Consider a typical fast multiplier, as used in modern hardware. They're based on some parallel reduction scheme, such as a Dadda multiplier (the actual circuit doesn't necessarily follow Dadda's algorithm to the letter, but it's going to use a similar parallel reduction). Hardware has almost unlimited parallelism to do that parallel reduction with. As a result, 64bit multiplication takes 3 cycles on many modern machines (not all of them, but for example both Apple M1 and all current Intel and AMD x64 processors). Granted, in 3 cycles you could squeeze more than 3 bitwise operations, but it's just not even a contest - you cannot implement multiplication in just a handful of bitwise operations.
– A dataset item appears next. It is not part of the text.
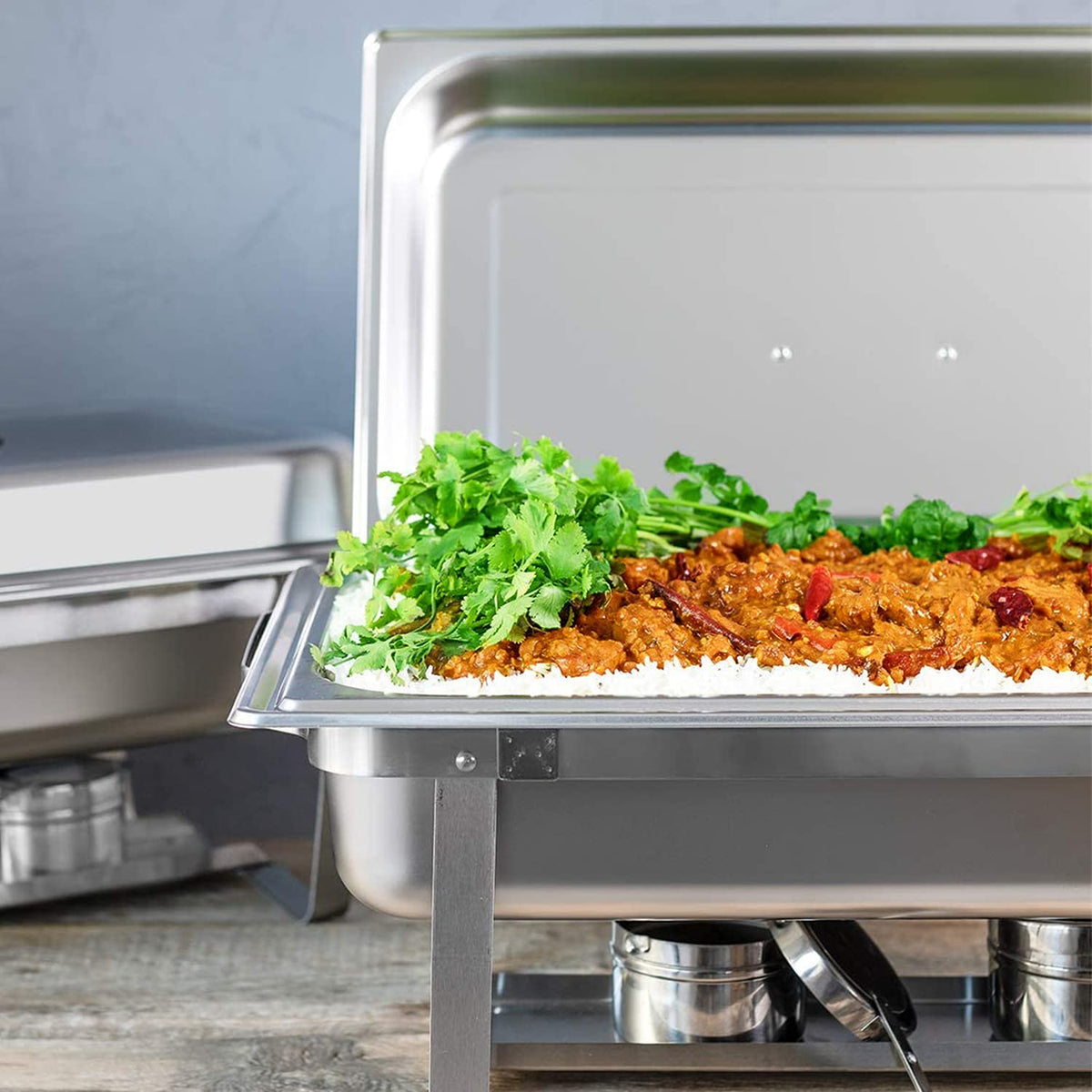 ALPHA LIVING 70012-gray chafing dish foldable design saves storage space.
Even just addition is already unbeatable. It's already as fast as bitwise operations are, or perhaps more accurately, bitwise operations are as slow as addition is. The time a bitwise operation takes at the software level has little to do with the latency of the corresponding gate, it's more a property of how the processor was designed in general. By the way you may also be interested in this other question: Why is addition as fast as bit-wise operations in modern processors?

Upvotes: 3

Tzig
Tzig

Reputation: 851

As said by P Kramer in his comment, it totally depends on your system, instruction set and compiler, modern compilers are pretty good at finding optimizations for your specific CPU when you ask them to but it's completely impossible to know if they'll do as good as/better than the native instruction through theory only.

As usual in this case, I suggest A/B testing (don't forget to use -march and -mtune if using gcc/clang) to check which implementation is the fastest on your machine and by how much.